[Records excerpted from a collection]
--
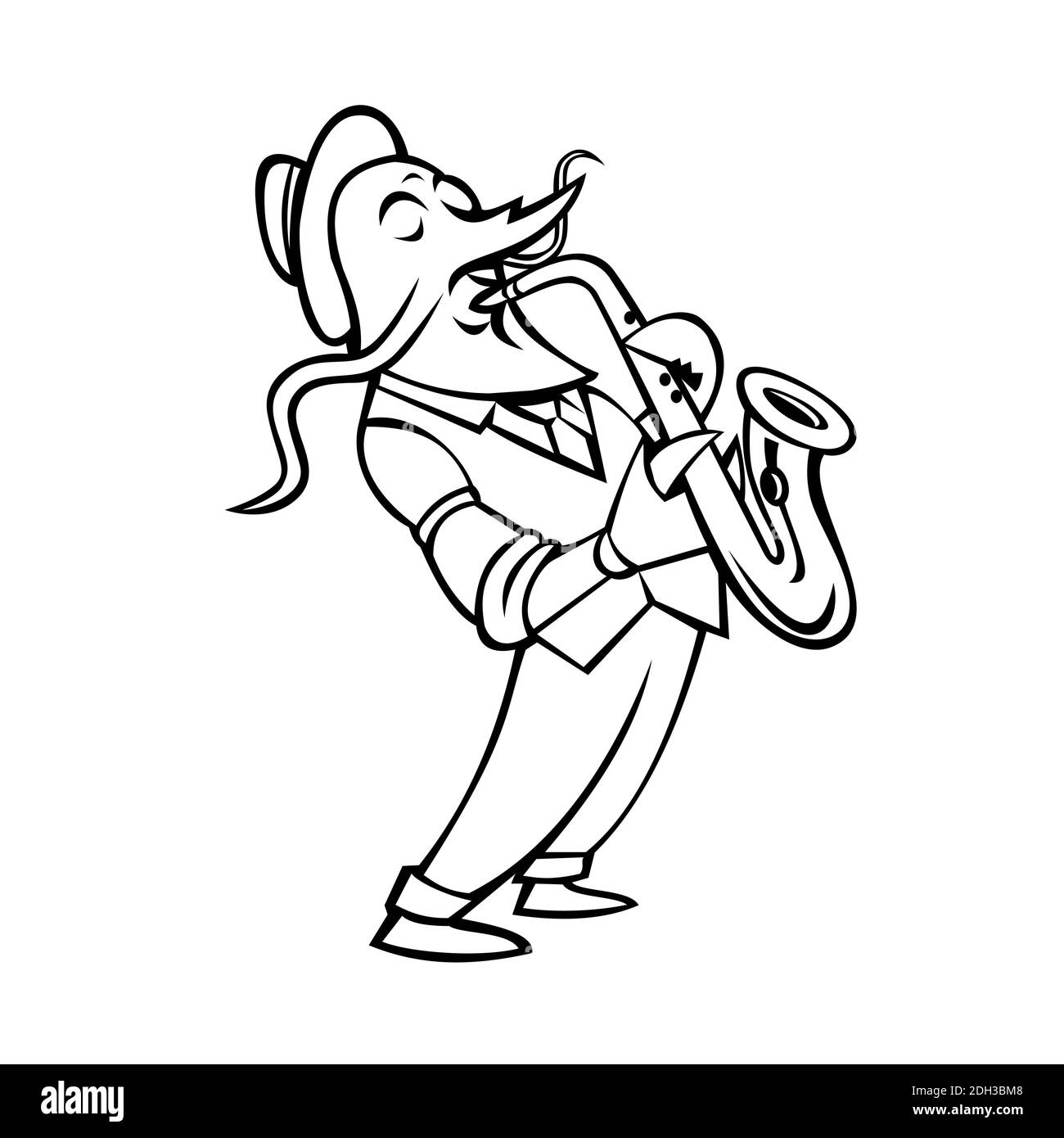 Crawfish Saxophone Player Mascot Black and White Stock Photo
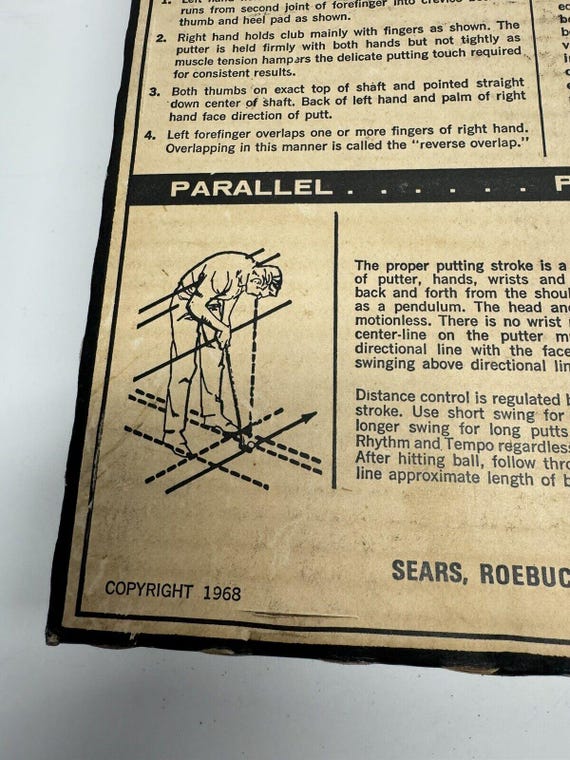 ANCIENNE emballage scellé 1968 Sears PUTT retour MODÈLE 82945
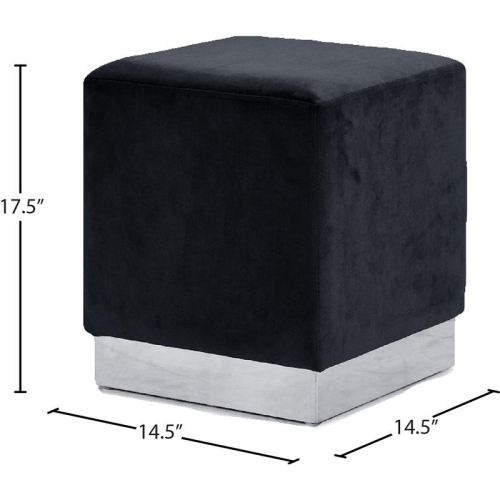 Meridian Furniture Jax Contemporary Velvet Ottoman/Stool in Black
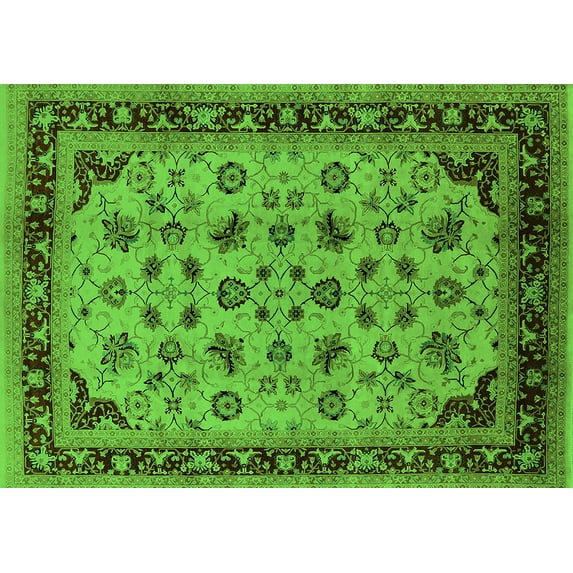 Ahgly Company Indoor Rectangle Oriental Green Traditional Area Rugs, 8' x 10'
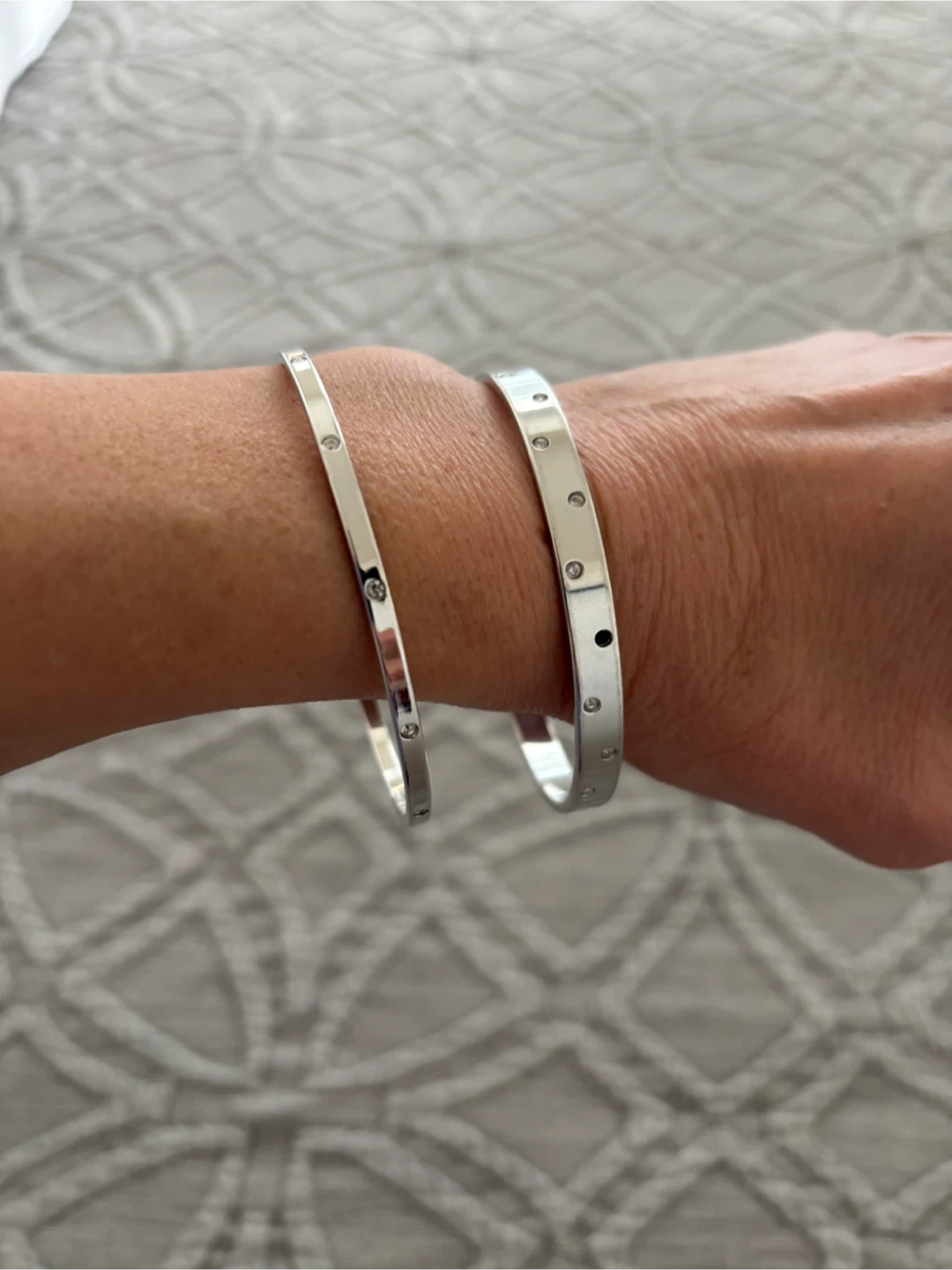 Swarovski Silver Bangle Bracelets with Rhinestones Set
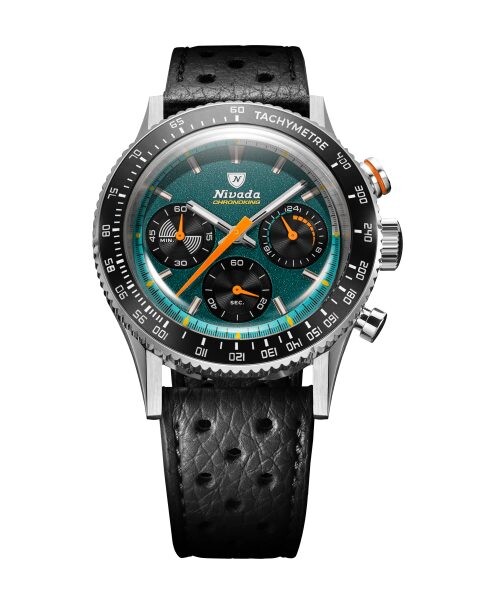 Nivada Grenchen Chronoking Mecaquartz Racing Green - Inter. Bezel - Black Racing Strap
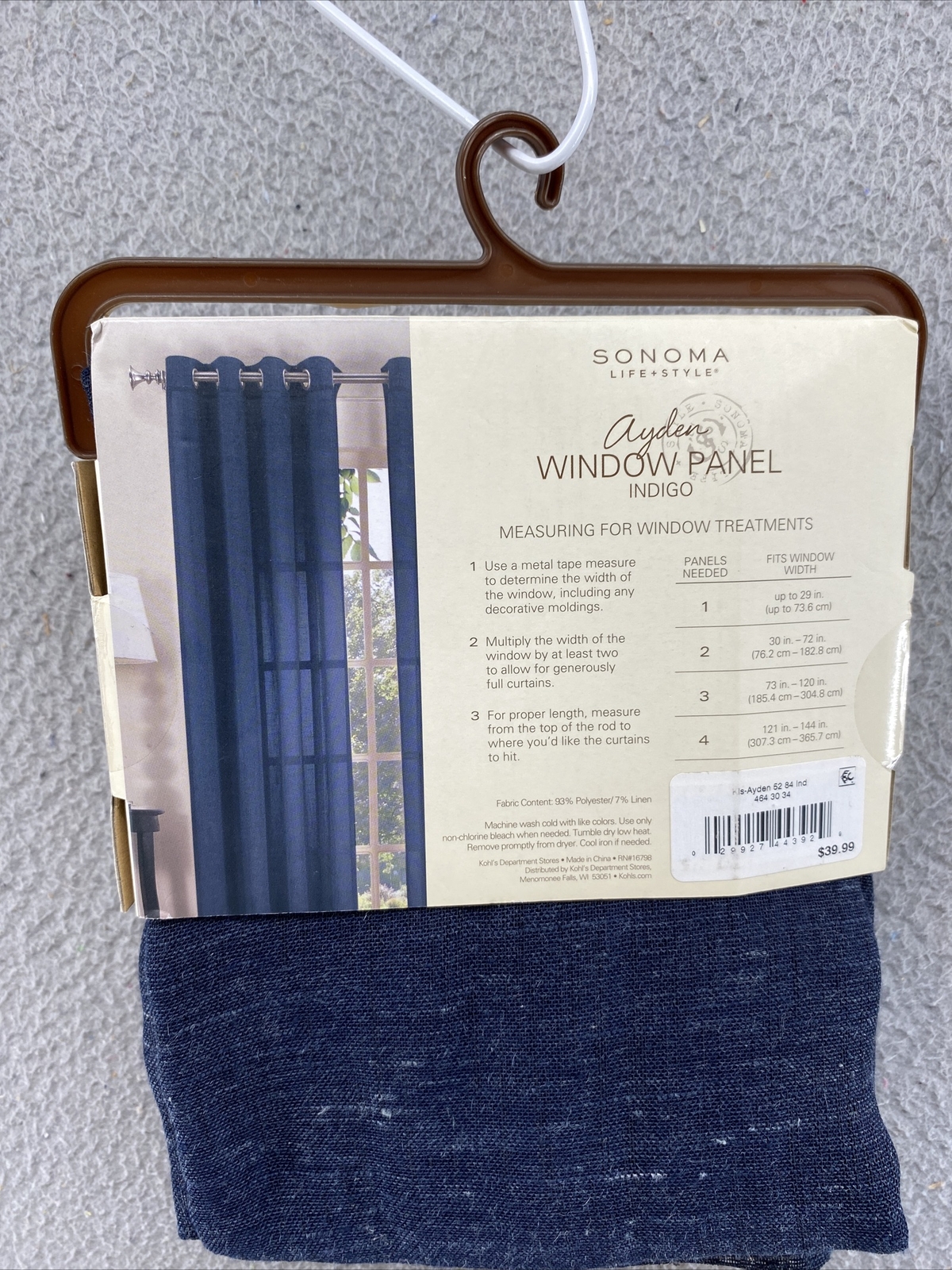 SONOMA Window Panel Ayden Indigo Grinned Light Filtering 52in By 84in NEW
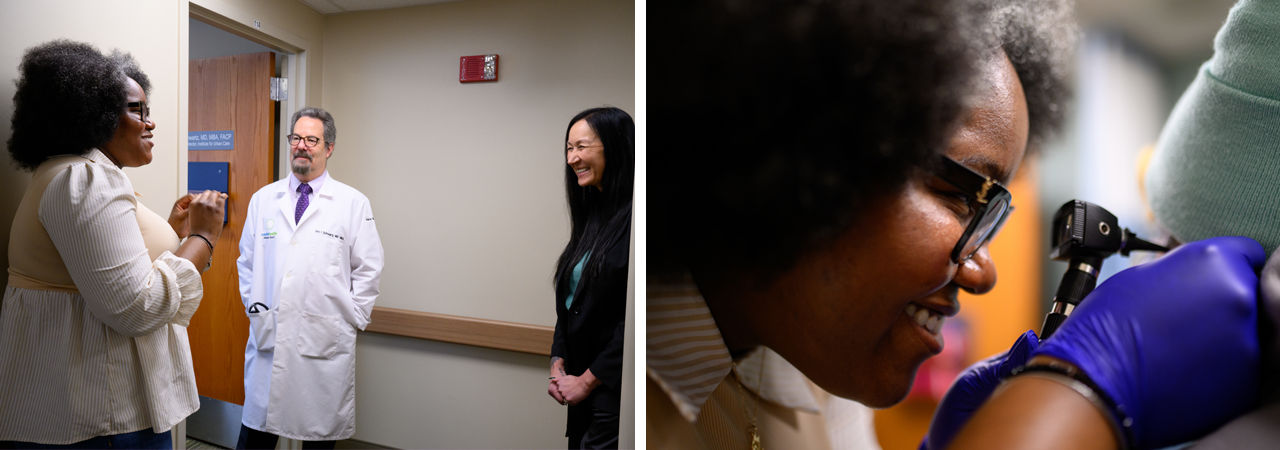 Medical professionals talking in a hallway; a staff member at a health center using an otoscope to demonstrate a patient exam.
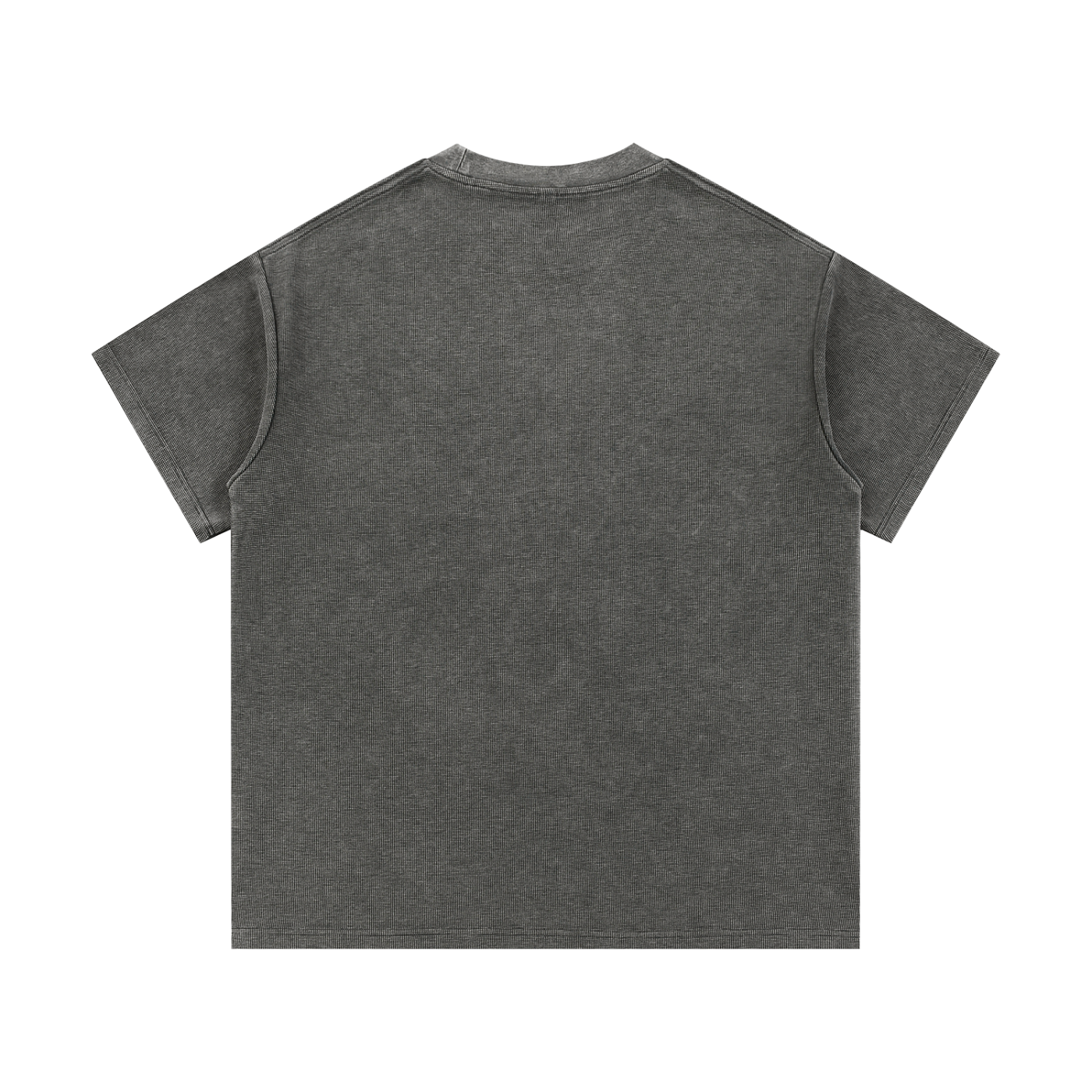 The Greenville Waffle Shirt, a plain short-sleeved unisex tee in dark gray cotton blend, is shown laid flat with the back facing up on a white background—perfect for casual streetwear.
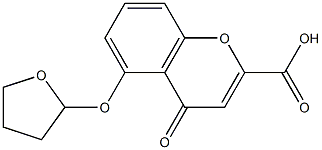 4-oxo-5-(tetrahydrofuran-2-yloxy)-4H-chromene-2-carboxylic acid 구조식 이미지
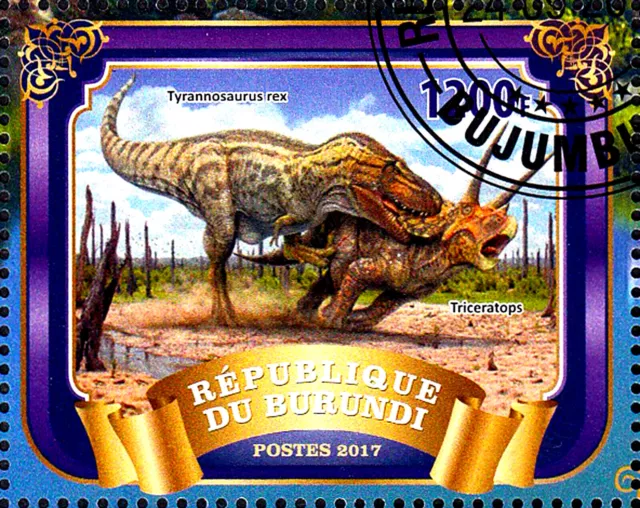 Tier Wildtier Prähistorisch Dinosaurier Tyrannosaurus Rex und Triceratops / 1263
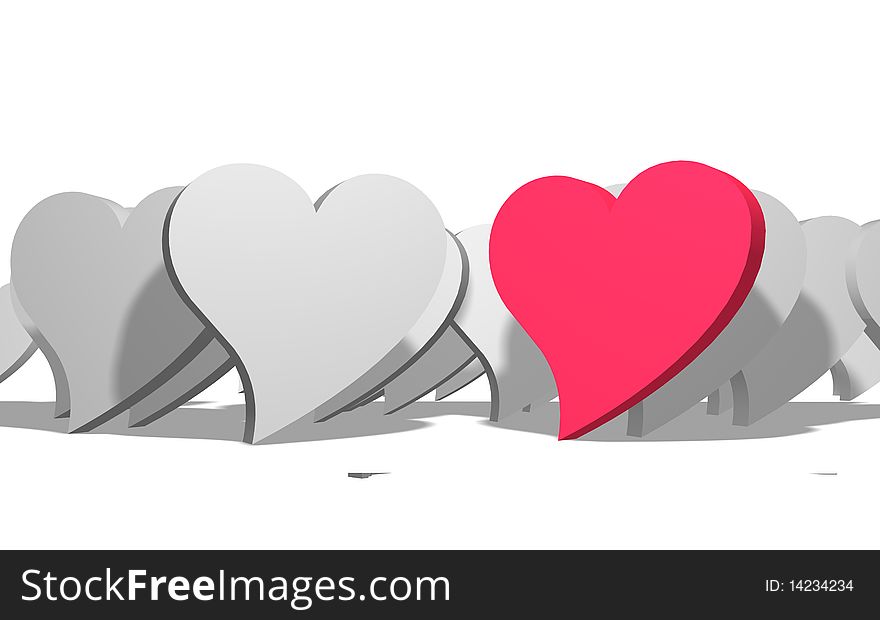 Red Heart In Group of gray heaths white background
--
Work to complete:
Without including any picture, set down every line above exactly as it stands.

Answer box:
 Crawfish Saxophone Player Mascot Black and White Stock Photo
 ANCIENNE emballage scellé 1968 Sears PUTT retour MODÈLE 82945
 Meridian Furniture Jax Contemporary Velvet Ottoman/Stool in Black
 Ahgly Company Indoor Rectangle Oriental Green Traditional Area Rugs, 8' x 10'
 Swarovski Silver Bangle Bracelets with Rhinestones Set
 Nivada Grenchen Chronoking Mecaquartz Racing Green - Inter. Bezel - Black Racing Strap
 SONOMA Window Panel Ayden Indigo Grinned Light Filtering 52in By 84in NEW
 Medical professionals talking in a hallway; a staff member at a health center using an otoscope to demonstrate a patient exam.
 The Greenville Waffle Shirt, a plain short-sleeved unisex tee in dark gray cotton blend, is shown laid flat with the back facing up on a white background—perfect for casual streetwear.
 4-oxo-5-(tetrahydrofuran-2-yloxy)-4H-chromene-2-carboxylic acid 구조식 이미지
 Tier Wildtier Prähistorisch Dinosaurier Tyrannosaurus Rex und Triceratops / 1263
 Red Heart In Group of gray heaths white background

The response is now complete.